Как меня сбили в первый раз? Мы сопровождали бомбардировщиков Пе-2, взлетели четверкой. Я был ведомым у командира эскадрильи. Где-то, не доходя до Смоленска, бомбардировщики сбросили листовки и бомбы. Когда возвращались, появились истребители противника. Начался бой. Немцы сбили нашего командира эскадрильи, а следом - и меня. Самолет пришлось посадить на переднем крае. Я вылез, смотрю - стрельба. Тут - немцы, тут - наши. Пехотинцы кричат: "Давай скорее - убьют!". Я - бегом к своим. Знал: главное - добежать, и жить будешь. Спасся. Второй раз меня сбили над территорией противника в августе 1941 года под Скопином, у меня двигатель остановился. Сел на поляну и бегом в лес. Встретился с мальчишкой. Я его попросил отвести меня к партизанам. Он начал отказываться. Я на него направил пистолет: "Тогда я тебя пристрелю". Он повел. Я говорю: "Ты правильно ведешь? Если только меня встретят немцы, я тебя убью". Он меня привел. Я ему деньги даю, он говорит: "Зачем они мне нужны?" Потом бегом скрылся, чтобы я его не застрелил. Партизаны вывели меня через линию фронта к своим.
Я считал, что когда сбивают - это нормально. Я знал: все равно рано или поздно собьют. Главное было не попасть в руки к противнику. Конечно, нельзя говорить, что было совсем не страшно. Но больше страха и беспокойства появилось, когда мы начали наступать, когда началась настоящая война. Страшно было, когда подбили под Киевом, поскольку не знал, как садиться - на фюзеляж или выпрыгивать? А во время Курско-Белгородской операции у меня был такой случай. Был очень тяжелый бой; видимо, связались с очень опытным противником. Мы дрались-дрались, никого не сбили, а меня они подожгли. Это было в 50-100 километров от линии фронта. На высоте 4000-5000 метров. Мы разошлись, и вижу: пламя из-под двигателя продвигается к кабине. Я стал тянуть к линии фронта; кое-как дотянул, но высоты, чтобы прыгать, не осталось. Решил садиться и, по привычке, выпустил шасси. Только коснулся земли - самолет скапотировал. Вылезти не могу, пламя подходит ближе и ближе. Подбежали случайно оказавшиеся рядом связисты, тянувшие линию. Говорят: "Ух, как горишь!" Я отстегнул привязные ремни, парашют. Они слегка отломали обшивку борта, так что я только голову просунуть смог и застрял. Они орут, чтобы я оттолкнулся, а упереться не во что. Они стали самолет раскачивать, и я потихоньку вылез. Отбежали в овражек, и самолет вспыхнул. Буквально в последнюю секунду меня спасли. Командир полка и командир дивизии направили ходатайство в их часть и их всех наградили Орденом Красной Звезды.

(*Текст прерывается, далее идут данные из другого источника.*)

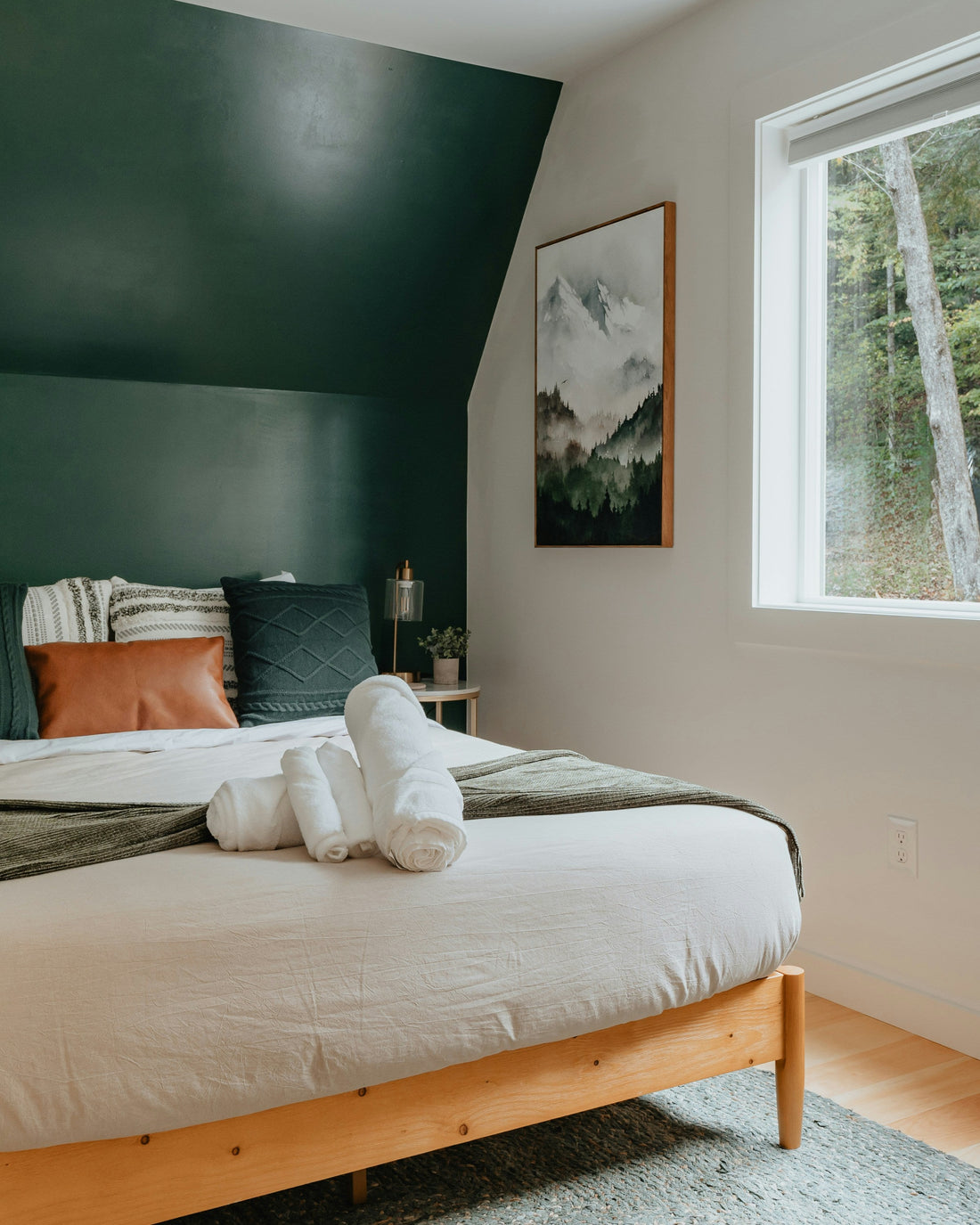 [CASAMENT] The "Chalk Line Barrier": How to stop squeaky wooden bed frames and floorboards instantly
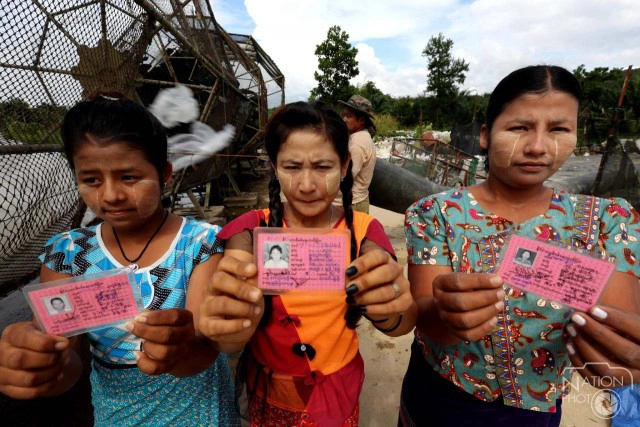 แรงงานชาวพม่าในไทย ลุ้น! อองซานชนะเลือกตั้ง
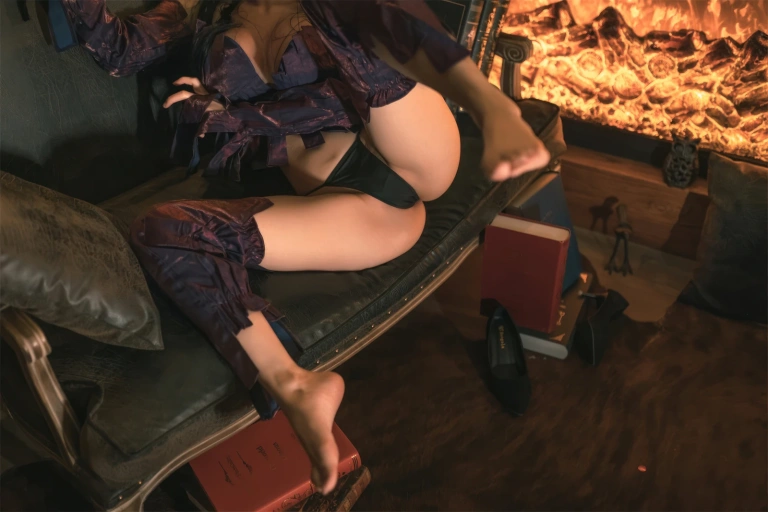 《黑兽 精灵女王》｜杏仁曲奇 · 60张写真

С моим другом Петро Гнидо был такой случай. Его сбили под Сталинградом, все видели, как он упал на линию фронта. И видели даже, как группа немцев его сразу схватила. Собрал командир полка нас, произнес речь и заканчивает ее стоя: "Вечная память Петро Гнидо". Открывается дверь, Петро заходит. Он все-таки убежал с парашютом. Где-то остановил машину, и его привезли. Вот давал он жару! Отчаянный! Мы были командирами соседних эскадрилий, но в тяжелых боях всегда летали вместе. В какую бы кашу ни попадали, даже когда противника в десять раз больше, все равно мы выходили из боя живыми и здоровыми. Он и в воздухе, и на земле был очень отчаянным. Его девки больше всех любили. Петро Гнидо - это был бог у женщин.
Мог ли я избежать того, чтоб меня не сбили целых семь раз? Как сказать… Ведь мы многого не умели, а лететь все равно надо было. Да и в бою так: несмотря на то, что ты расстрелял все боеприпасы, из боя выходить нельзя. Если уйдешь - это предательство. Ты находишься в бою, и противник не знает, кончились у тебя патроны или нет. Это жесткий принцип. Но мы его соблюдали неукоснительно.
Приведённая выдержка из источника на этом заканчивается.